Military officials have warned that U.S. casualties were likely to rise as more troops deployed to Iraq and the military pushed ahead with its Baghdad security crackdown.
"As we are conducting more operations, we are going into areas we haven't gone into in force before. We have more people on the ground, this leads to an opportunity for more contact, more conflict, more clashes," said Lt. Col. Christopher Garver, a U.S. military spokesman. "This is a tough fight. We are in a war."
Iraqi troops and soldiers have also been targeted by insurgents here, who accuse them of collaborating with U.S. forces.
Gunmen in a speeding car shot and killed a police officer as he was leaving his house in the Shiite-dominated al-Wihda district, 32 kilometers (20 miles) south of Baghdad on Friday morning, police said.
In other violence, a roadside bomb exploded at the entrance to the al-Khadra bridge in western Baghdad, causing no injuries but damaging the span, police said. The blast was the latest attack on Baghdad's bridges by insurgents.
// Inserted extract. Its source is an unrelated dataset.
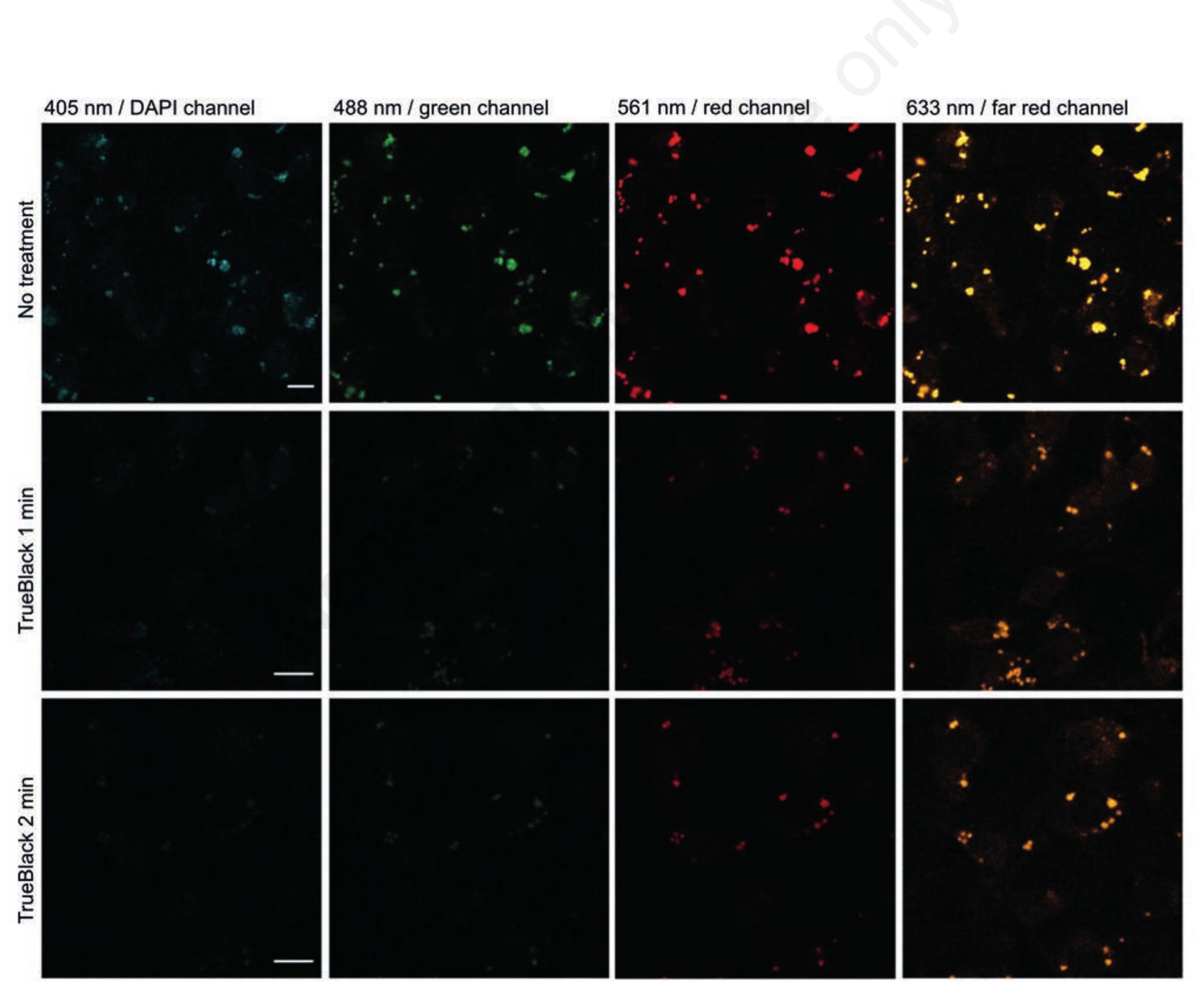 Quench Rbc Autofluorescence (PDF) Autofluorescence in freshly isolated adult human liver sinusoidal ...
On Thursday, a bomb hidden in a parked car struck the funeral procession of a Sunni tribal leader who was gunned down earlier in the day, killing at least 26 mourners as al-Qaida appeared to turn up its campaign against its opponents.
The attack in Fallujah, 40 miles (64.4 kilometers) west of Baghdad, targeted mourners for Alaa Zuwaid, a 60-year-old restaurant owner who was part of an alliance of anti al-Qaida tribal leaders. Police and medical officials said 45 other people were wounded in the bombing.
In all, 87 people were killed or found dead in sectarian violence across Iraq on Thursday.
In Washington, the Democratic-controlled Congress grudgingly approved fresh billions for the Iraq war, minus the troop withdrawal timeline that drew President George W. Bush's earlier veto.
Bush warned that August could prove to be a bloody month for U.S. troops and said, "The Iraqi government needs to show real progress in return for America's continued support and sacrifice."
The legislation includes nearly $95 billion (EUR70.6 billion) to pay for the wars in Iraq and Afghanistan through Sept. 30. Democrats also abandoned their attempts to require the Pentagon to adhere to troop training, readiness and rest requirements unless Bush waived them.
The bill establishes a series of goals for the Iraqi government to meet as it strives to build a democratic country able to defend its own borders. Continued U.S. reconstruction aid would be conditioned on progress toward the so-called benchmarks, although Bush retains the authority to order that the funds be spent regardless of how the Baghdad government performs.